**Records to use**
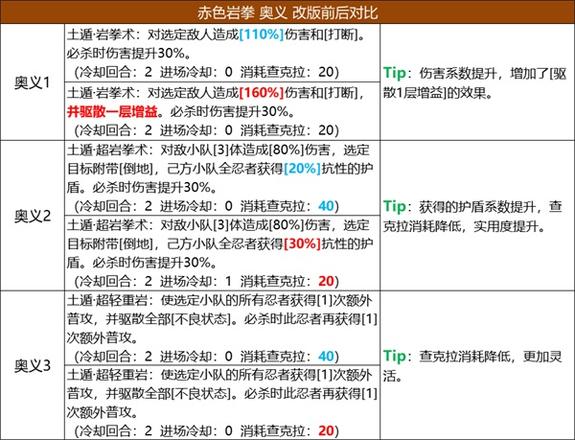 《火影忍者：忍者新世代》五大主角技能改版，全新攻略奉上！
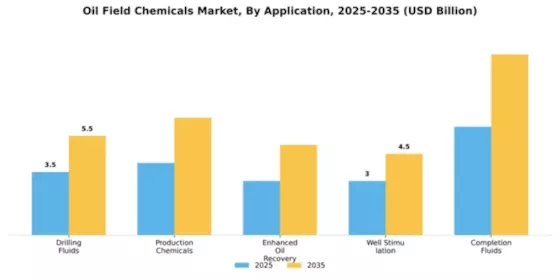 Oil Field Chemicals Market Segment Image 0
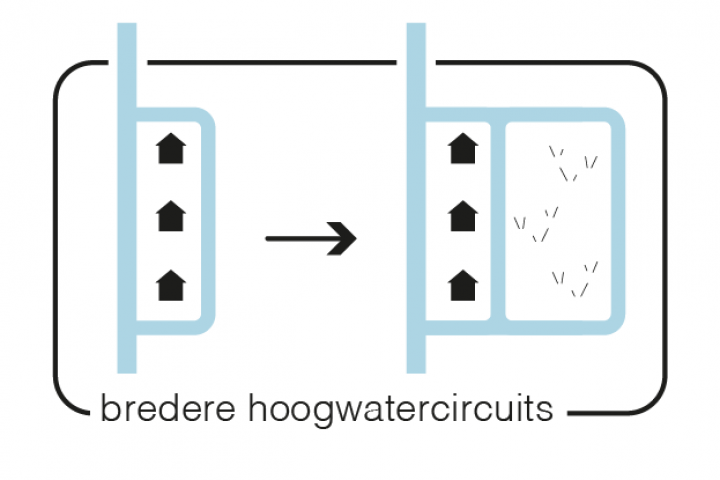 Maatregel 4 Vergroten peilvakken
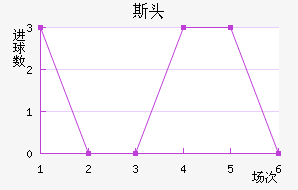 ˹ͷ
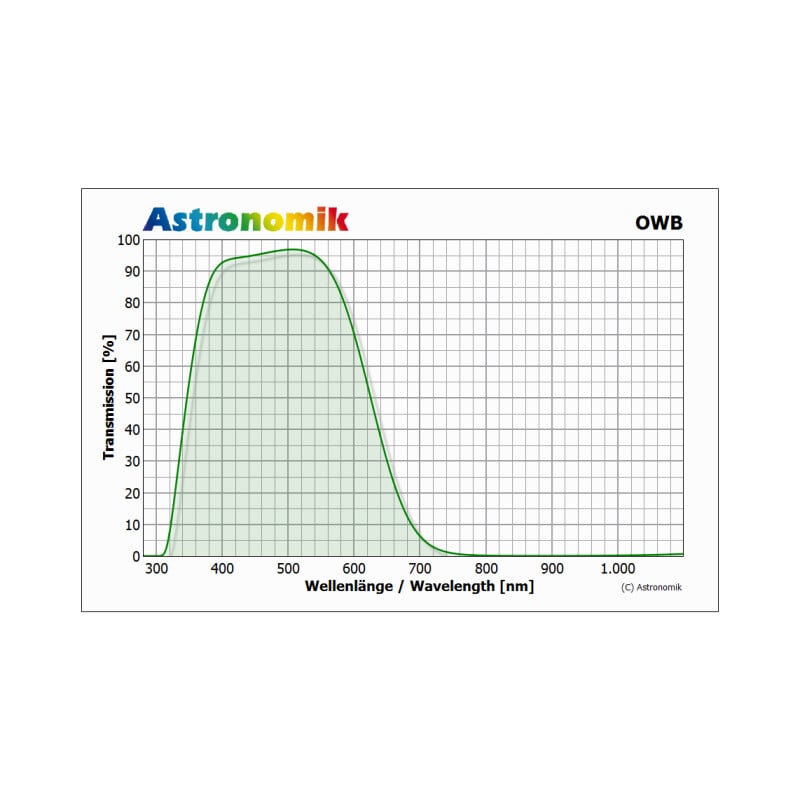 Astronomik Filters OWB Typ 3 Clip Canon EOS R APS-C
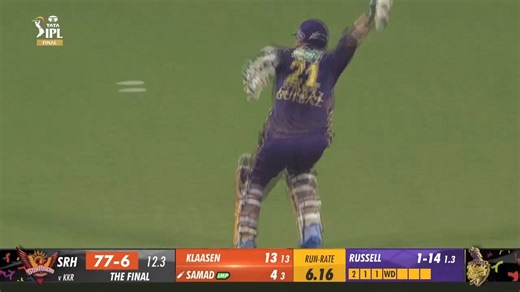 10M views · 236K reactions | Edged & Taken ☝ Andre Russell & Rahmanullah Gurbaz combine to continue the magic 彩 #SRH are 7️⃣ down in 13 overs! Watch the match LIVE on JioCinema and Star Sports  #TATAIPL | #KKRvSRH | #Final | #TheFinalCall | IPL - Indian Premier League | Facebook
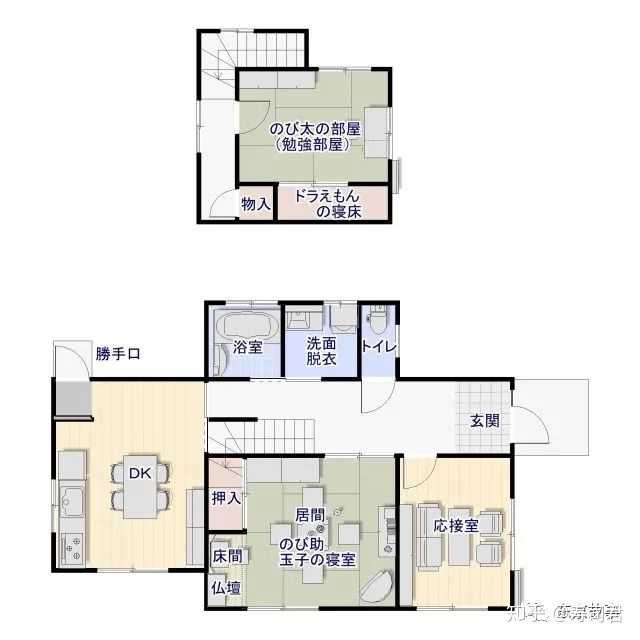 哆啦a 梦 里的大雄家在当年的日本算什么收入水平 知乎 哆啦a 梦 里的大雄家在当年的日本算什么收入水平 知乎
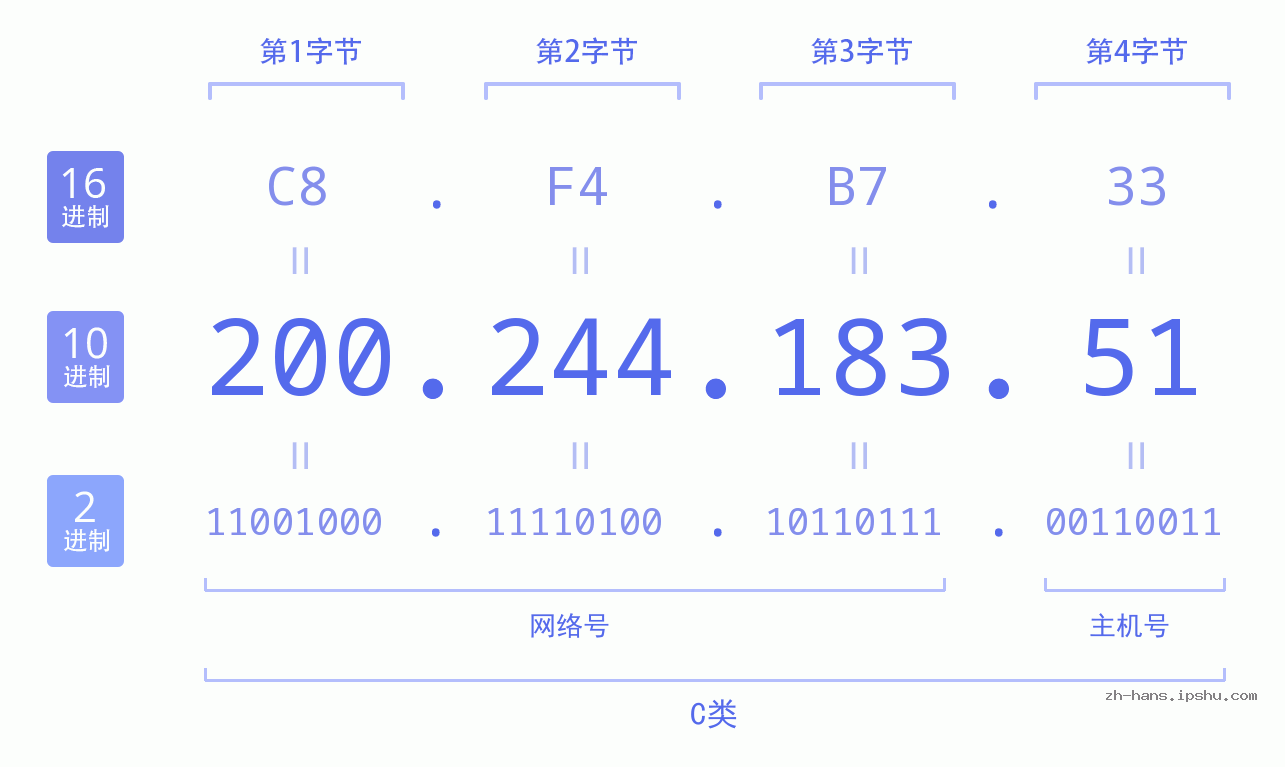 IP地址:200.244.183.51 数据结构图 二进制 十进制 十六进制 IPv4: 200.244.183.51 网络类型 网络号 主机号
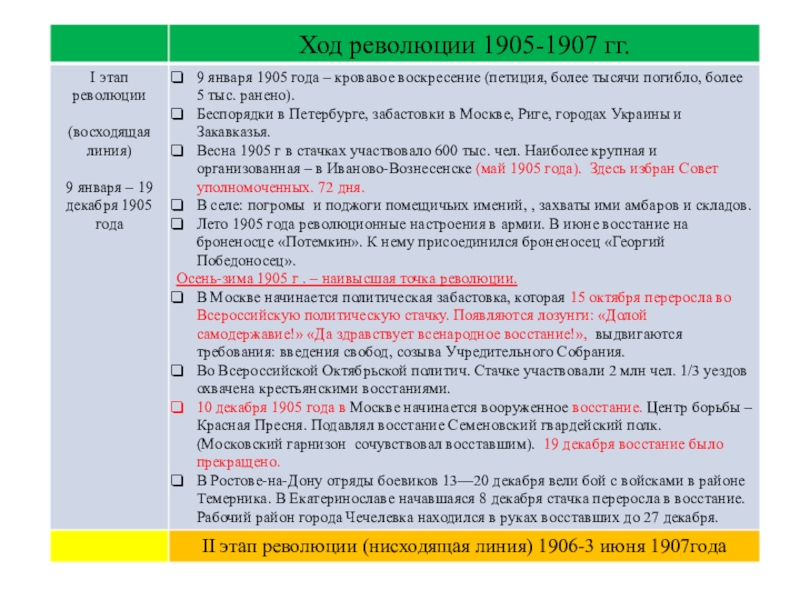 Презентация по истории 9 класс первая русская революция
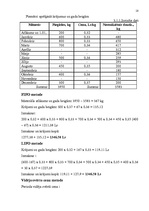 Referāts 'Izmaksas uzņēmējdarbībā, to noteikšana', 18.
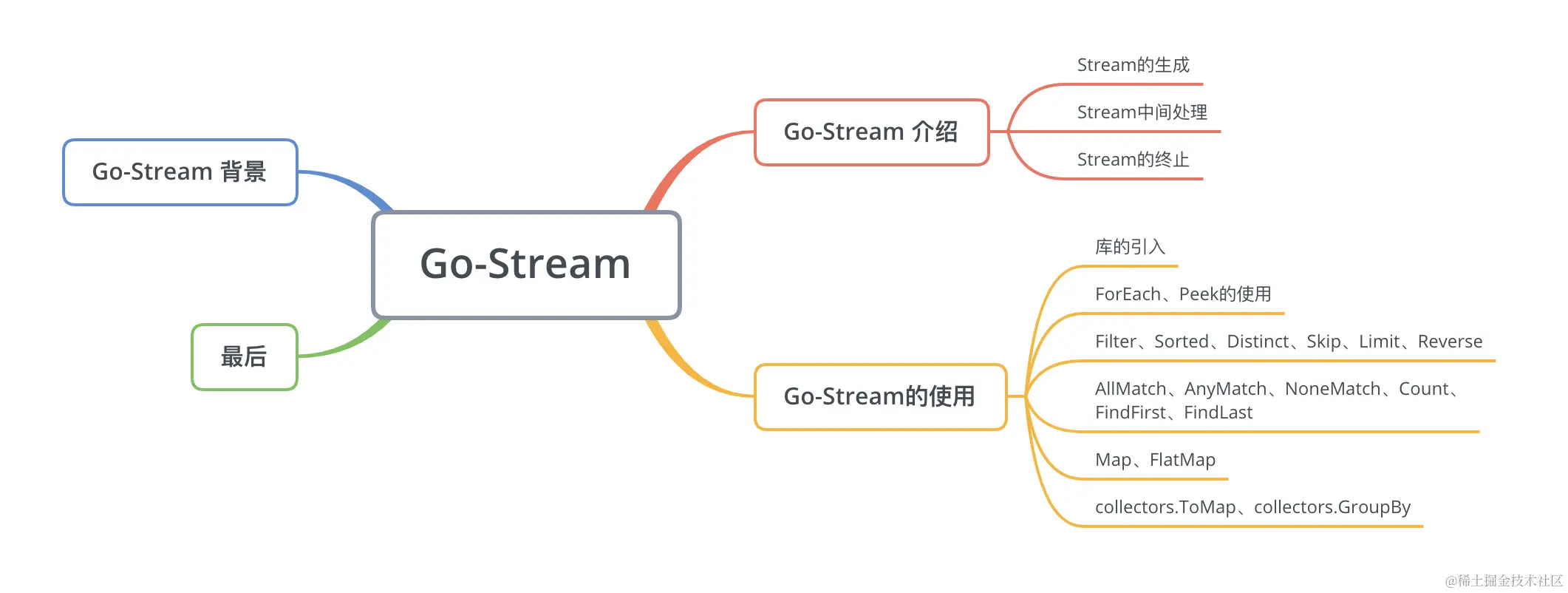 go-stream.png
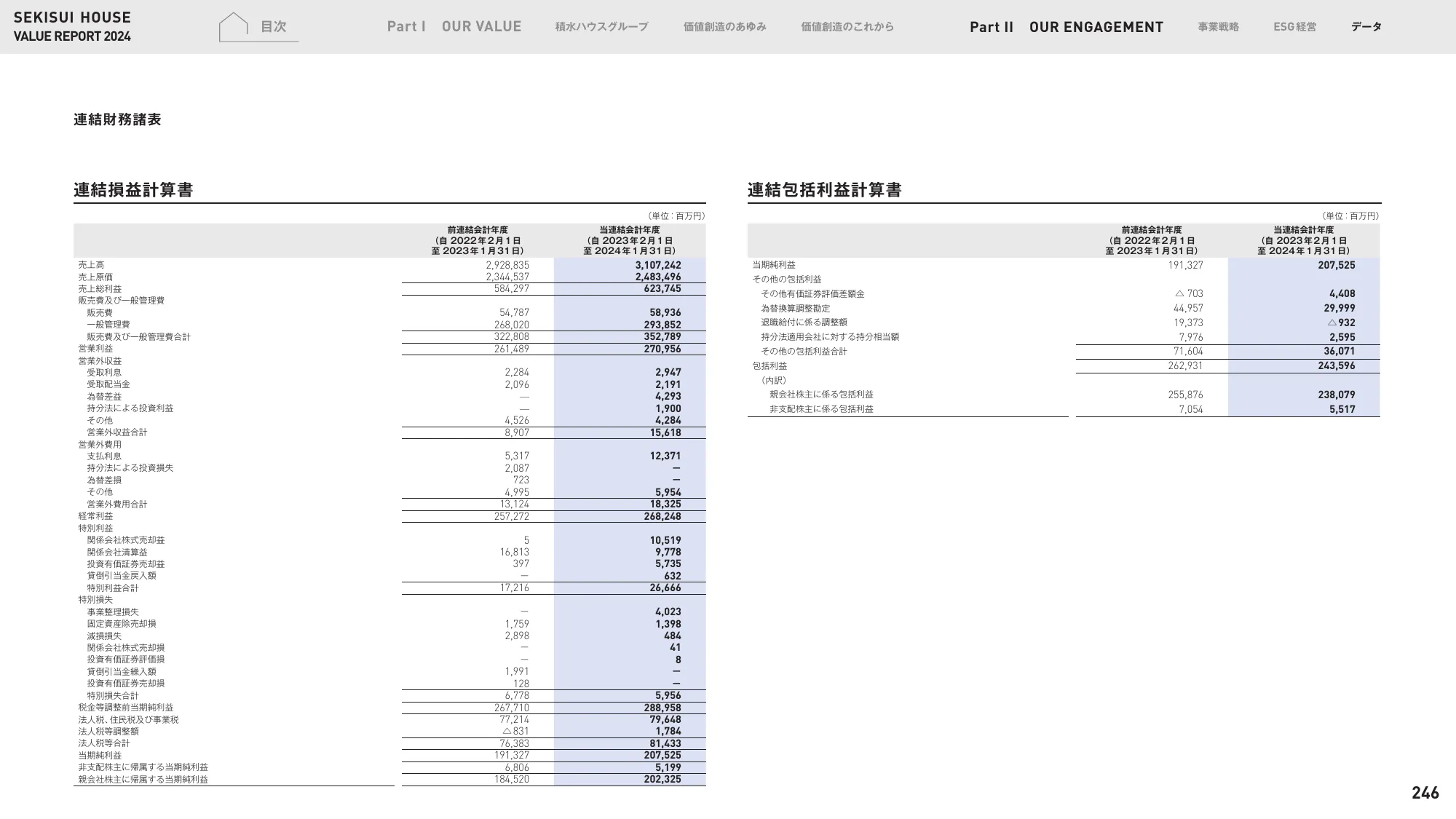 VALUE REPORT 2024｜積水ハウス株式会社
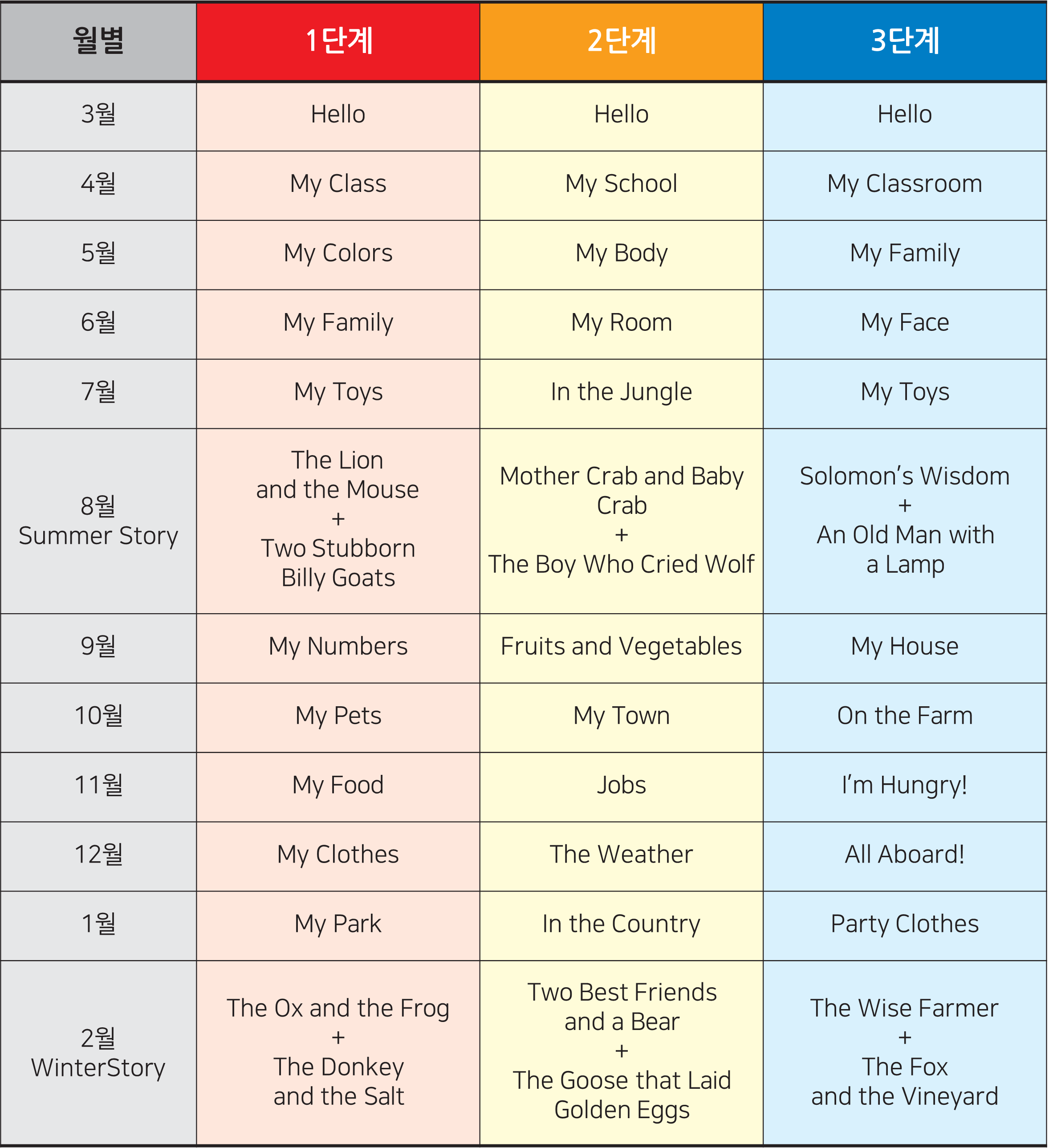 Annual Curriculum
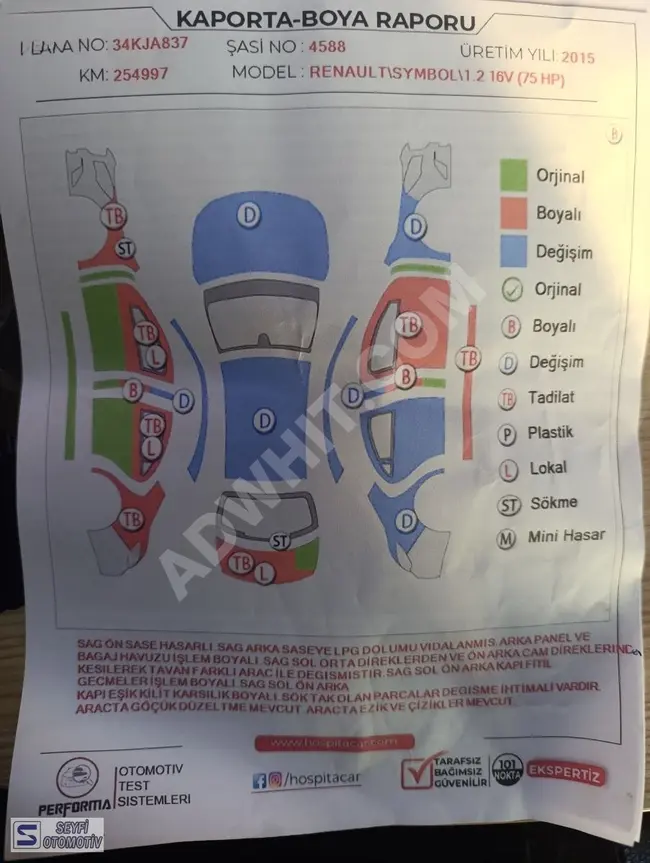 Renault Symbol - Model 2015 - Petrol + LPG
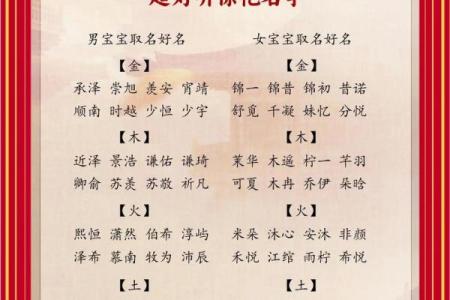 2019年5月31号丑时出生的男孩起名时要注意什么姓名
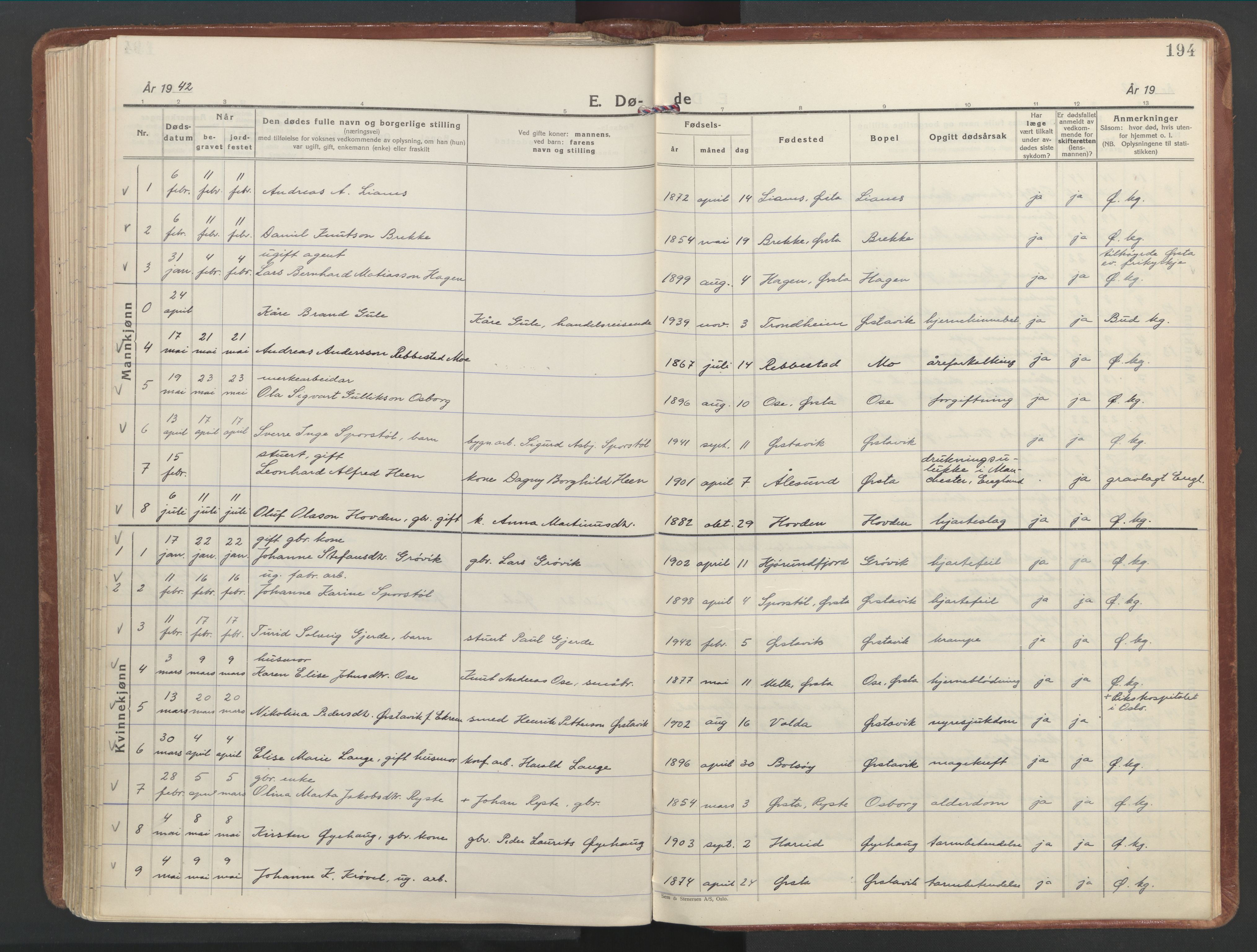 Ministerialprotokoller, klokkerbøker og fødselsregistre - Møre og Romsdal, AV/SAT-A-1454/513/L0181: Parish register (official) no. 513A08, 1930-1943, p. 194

**Goal of the exercise**
Print the lines from the one holding "Annual Curriculum" through the last line of the records, word for word, and omit the pictures.

**Reply to the task**
 Annual Curriculum
 Renault Symbol - Model 2015 - Petrol + LPG
 2019年5月31号丑时出生的男孩起名时要注意什么姓名
 Ministerialprotokoller, klokkerbøker og fødselsregistre - Møre og Romsdal, AV/SAT-A-1454/513/L0181: Parish register (official) no. 513A08, 1930-1943, p. 194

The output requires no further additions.